Que l’alignement des sommets des volumes latéraux avec l’arrière du volume central amoindrisse l’espace de l’image, n’est pas surprenant. La Tripoutre alignée réunissait déjà ses deux barres divergentes, en raison de l’alignement de leurs côtés. Mais, que des lignes verticales parallèles puissent modifier l’orientation des volumes, est un phénomène inédit. La verticale du côté gauche du volume de droite, en se dressant au-dessus du sol, entraîne avec elle la verticale du volume central, qui, parce qu’elle appartient à un côté fuyant latéral, devrait pourtant s’éloigner au sol. Si nous admettons que des horizontales alignées voient leur échelonnement disparaître grâce au principe de colinéarité, l’absence de toute continuité possible oblige ces deux parallèles à en passer par un autre principe de la Psychologie de la Forme. Ainsi, pour comprendre comment des lignes aux orientations différentes peuvent se retrouver sur un même plan, nous devons convoquer le principe de “similarité”. Ce dernier stipule que des éléments possédant des similitudes, qu’elles soient de taille, de forme ou de direction, tendent à se regrouper pour former des structures.
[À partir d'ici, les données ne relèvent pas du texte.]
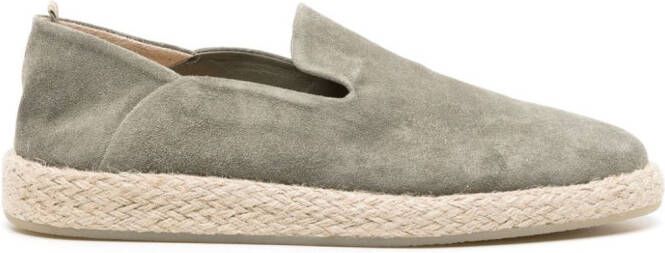 Officine Creative Roped 002 suède espadrilles Groen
Ce qui est ici le cas, puisque, du fait de l’identité de direction de son tracé à la surface de la feuille, une parallèle contamine bien l’autre quant à son orientation dans l’espace de la figure.

Mais, en-deçà de leurs effets sur l’espace de cette figure et des principes visuels qui les réunissent, les tracés du Trapèze permettent de retrouver les ambiguïtés de lignes du tableau n°19 de la rubrique "Théorie". Ici les horizontales peuvent tout autant s’élever dans les airs quand elles appartiennent aux sommets des volumes latéraux, que s’éloigner au sol lorsqu’elles représentent le fond du volume central. La verticale du côté gauche du volume de droite monte vers le ciel, tandis que celle du côté droit du volume central s’éloigne au sol. Enfin, les obliques s’élèvent dans les airs à la manière du côté droit du volume de gauche, ou s’éloignent au sol comme le côté gauche du volume central. Seules les obliques fuyantes et inclinées sont absentes de cette figure. Mais, toutes ces lignes, qui jusqu’ici superposaient leurs orientations contradictoires à l’intérieur des figures uniques ou multiples, peuvent maintenant les répartir sur les parallèles des figures multiples. Car si la colinéarité permet d’attribuer une même direction à des lignes divergentes qui semblent se poursuivre, la similarité est capable d’assigner une même orientation à des lignes, tout aussi divergentes, malgré leur apparent parallélisme. En ce sens, qu’il soit par colinéarité ou similarité, l’alignement peut être défini comme un parallélisme équivoque de lignes : parallélisme réel d’échelonnements superposés ou parallélisme illusoire d’orientations divergentes.